Head of Wardrobe Kati Autere: “It’s important to support studying that promotes sustainable practices”

Kati Autere, who works as the head of wardrobe at the Theatre Academy, says that the use of recycled materials and the meticulous care of clothes are the daily cornerstones of work in the wardrobe department. This article is part of a series where we interview Uniarts Helsinki employees and students concerning themes that relate to ecological sustainability.

How have themes, questions or practices of ecological sustainability been visible in your own work or studies now or in the past?

Eco-consciousness is part of our work in the wardrobe team, because we deal with concrete materials. The wardrobe team has always worked within the framework of the budget that is available, so the utilisation of our big storage, recycling and reuse are standard practices for us. Ecological issues also affect our material purchases, work methods and costume maintenance. So ecology has been part of our activities for quite some time already. 

During the past ten years or so, costume design students, in particular, have raised questions on ecological sustainability especially when making material choices. As a result of this, we who work in the wardrobe department have received confirmation that we need to operate in a sustainable way and be able to justify our ways of doing things also from an environmental point of view. We have improved our knowledge and competence in ecological sustainability so that we can do our own part in meeting students’ needs and so that we can support students in creating sustainable wardrobes and productions.

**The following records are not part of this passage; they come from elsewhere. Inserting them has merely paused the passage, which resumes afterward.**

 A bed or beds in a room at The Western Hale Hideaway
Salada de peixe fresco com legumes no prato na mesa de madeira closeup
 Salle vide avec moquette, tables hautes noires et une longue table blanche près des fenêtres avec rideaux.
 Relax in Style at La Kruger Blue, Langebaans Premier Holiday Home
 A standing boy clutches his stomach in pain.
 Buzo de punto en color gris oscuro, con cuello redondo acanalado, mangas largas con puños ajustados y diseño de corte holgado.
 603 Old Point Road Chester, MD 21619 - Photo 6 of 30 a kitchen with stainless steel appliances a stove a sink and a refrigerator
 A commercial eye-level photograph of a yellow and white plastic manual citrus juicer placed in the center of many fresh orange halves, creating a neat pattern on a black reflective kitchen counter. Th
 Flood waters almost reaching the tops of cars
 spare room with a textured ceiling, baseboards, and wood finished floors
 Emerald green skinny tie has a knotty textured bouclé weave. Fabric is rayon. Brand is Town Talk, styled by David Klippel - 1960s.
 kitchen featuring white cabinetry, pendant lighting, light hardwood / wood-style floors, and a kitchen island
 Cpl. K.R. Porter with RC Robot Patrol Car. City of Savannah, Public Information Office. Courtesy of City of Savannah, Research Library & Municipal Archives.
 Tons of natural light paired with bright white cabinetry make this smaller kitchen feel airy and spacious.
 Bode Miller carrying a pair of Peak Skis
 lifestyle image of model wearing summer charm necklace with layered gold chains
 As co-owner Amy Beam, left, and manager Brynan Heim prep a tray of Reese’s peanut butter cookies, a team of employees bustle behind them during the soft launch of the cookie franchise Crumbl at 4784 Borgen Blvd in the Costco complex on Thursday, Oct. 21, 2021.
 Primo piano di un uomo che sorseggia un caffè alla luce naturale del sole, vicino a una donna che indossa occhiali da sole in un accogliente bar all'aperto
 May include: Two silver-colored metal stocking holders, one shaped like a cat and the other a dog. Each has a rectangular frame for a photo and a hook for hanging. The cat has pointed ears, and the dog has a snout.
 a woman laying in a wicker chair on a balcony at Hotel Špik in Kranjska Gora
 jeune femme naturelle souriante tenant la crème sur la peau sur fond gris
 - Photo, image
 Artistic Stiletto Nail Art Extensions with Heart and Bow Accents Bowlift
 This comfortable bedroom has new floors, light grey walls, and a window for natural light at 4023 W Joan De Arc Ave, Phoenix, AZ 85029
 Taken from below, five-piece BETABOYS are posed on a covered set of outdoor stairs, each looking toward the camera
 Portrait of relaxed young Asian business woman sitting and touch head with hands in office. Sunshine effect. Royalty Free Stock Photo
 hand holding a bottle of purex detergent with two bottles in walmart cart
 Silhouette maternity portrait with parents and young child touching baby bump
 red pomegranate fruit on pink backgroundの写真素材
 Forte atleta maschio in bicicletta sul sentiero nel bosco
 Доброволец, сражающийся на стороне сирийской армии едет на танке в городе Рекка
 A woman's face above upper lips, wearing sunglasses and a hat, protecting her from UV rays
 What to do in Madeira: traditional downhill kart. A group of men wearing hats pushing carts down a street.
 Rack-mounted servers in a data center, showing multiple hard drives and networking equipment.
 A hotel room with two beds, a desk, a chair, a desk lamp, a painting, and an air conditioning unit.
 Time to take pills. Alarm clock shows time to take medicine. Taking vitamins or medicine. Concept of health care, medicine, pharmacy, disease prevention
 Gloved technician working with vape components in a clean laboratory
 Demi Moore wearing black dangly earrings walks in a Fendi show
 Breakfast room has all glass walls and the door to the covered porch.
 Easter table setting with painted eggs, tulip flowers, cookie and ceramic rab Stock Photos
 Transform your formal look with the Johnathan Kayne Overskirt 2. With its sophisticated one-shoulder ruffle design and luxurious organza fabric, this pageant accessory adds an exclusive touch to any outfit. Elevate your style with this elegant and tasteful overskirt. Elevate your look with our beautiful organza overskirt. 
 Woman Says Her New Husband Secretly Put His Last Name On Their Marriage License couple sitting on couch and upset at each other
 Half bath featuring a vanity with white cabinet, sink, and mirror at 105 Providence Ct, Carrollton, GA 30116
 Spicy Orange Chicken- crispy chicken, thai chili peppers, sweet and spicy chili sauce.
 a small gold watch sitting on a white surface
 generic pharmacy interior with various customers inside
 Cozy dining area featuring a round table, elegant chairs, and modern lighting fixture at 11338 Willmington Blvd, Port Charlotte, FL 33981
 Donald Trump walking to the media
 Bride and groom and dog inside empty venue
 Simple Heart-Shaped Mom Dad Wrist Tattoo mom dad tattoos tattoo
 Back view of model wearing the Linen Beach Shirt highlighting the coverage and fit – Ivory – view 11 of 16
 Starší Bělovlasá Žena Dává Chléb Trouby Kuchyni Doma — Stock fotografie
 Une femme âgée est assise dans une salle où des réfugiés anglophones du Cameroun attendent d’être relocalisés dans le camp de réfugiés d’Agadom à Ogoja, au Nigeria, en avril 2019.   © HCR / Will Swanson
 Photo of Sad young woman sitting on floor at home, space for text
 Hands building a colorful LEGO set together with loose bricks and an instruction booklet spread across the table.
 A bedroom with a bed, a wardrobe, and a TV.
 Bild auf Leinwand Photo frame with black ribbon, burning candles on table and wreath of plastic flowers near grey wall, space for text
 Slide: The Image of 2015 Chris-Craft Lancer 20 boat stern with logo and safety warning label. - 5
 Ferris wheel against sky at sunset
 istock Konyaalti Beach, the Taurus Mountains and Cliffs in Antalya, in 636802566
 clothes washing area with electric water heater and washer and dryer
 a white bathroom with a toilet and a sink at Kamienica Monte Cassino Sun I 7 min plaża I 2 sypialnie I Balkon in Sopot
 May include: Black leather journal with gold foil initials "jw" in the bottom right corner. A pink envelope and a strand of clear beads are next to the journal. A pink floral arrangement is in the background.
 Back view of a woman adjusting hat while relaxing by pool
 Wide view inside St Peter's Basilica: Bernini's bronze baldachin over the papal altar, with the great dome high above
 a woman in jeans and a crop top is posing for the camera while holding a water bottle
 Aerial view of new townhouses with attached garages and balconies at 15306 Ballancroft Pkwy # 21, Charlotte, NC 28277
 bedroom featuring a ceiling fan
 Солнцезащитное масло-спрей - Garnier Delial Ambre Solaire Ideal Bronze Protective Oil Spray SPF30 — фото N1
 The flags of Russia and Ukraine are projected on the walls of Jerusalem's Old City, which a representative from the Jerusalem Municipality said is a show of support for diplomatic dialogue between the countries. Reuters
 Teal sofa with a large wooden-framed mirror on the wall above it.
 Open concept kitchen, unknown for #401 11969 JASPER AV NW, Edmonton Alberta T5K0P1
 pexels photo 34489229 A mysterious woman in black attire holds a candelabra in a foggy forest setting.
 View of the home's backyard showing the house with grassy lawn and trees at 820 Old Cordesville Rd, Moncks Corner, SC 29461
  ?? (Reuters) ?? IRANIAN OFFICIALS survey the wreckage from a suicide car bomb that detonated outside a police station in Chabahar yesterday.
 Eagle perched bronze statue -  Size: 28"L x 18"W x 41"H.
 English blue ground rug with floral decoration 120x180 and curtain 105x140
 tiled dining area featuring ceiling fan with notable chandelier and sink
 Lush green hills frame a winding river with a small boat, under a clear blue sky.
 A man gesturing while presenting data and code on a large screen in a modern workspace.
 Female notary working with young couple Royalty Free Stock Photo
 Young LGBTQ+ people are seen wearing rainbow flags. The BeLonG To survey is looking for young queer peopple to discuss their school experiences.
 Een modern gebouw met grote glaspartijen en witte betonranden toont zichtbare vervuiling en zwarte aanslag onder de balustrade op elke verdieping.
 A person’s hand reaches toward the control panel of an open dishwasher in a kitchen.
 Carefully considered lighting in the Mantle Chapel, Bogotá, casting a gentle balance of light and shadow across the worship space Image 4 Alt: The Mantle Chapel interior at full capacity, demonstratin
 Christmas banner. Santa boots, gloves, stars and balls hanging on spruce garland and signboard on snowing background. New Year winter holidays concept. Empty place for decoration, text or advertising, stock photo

We highlight practices that promote ecological sustainability whenever we give new students an introduction to using the wardrobe storage and working with the wardrobe team. In spring 2023, we teamed up with the stage, props and lighting/sound/AV departments and published the Guide for sustainable artistic work at the Theatre Academy, which is aimed at students. In addition to this, we have collaborated with costume design teacher Susanna Suurla from Aalto University to compile tips for how costume designers can affect the sustainability of wardrobe already during the design stage. Sometimes the performances themselves deal with ecological themes, in which case the topic is present in our work even more prominently.

Why do you think ecological sustainability is important or interesting in your own work or studies?

Considering the global situation, I want to make an impact on things that I can as an individual in my work. In a sustainable world, art and wardrobe have their own important place, and it’s good to aim for creating art and managing wardrobes in a sustainable way.

What is Uniarts Helsinki’s role in environmental issues or what should it be?

Uniarts Helsinki educates artists who bring along sustainable practices with them when they enter the professional arts sector and then develop these practices further. It’s important that we can support students’ opportunity to train art-making in an autonomous and experimental manner in accordance with sustainable practices during their study years here.

The fourth goal in Uniarts Helsinki’s strategy is that “art is part of the solution to the ecological sustainability crisis”. What does that make you think? If art is or was part of the solution, what kinds of things could that mean in practice?

Art has an impact on people, which means that artistic content can be part of the solution, even though it’s obviously not necessary that all art deals with the environment or ecological themes.

What is the most essential thing about Uniarts Helsinki’s environmental programme for you?

It’s wonderful that we now have an environmental programme that presents several concrete measures. For example, the updating of the Travel Policy that is linked to the environmental programme is an important part of the promotion of ecological sustainability in our activities.

What kind of art has made an impact on you? And how? You can tell an example.

Teemestarin kirja by Emmi Itäranta was a fantastic depiction of a dystopia, and it stuck with me and made me think of things also due to its environmental themes.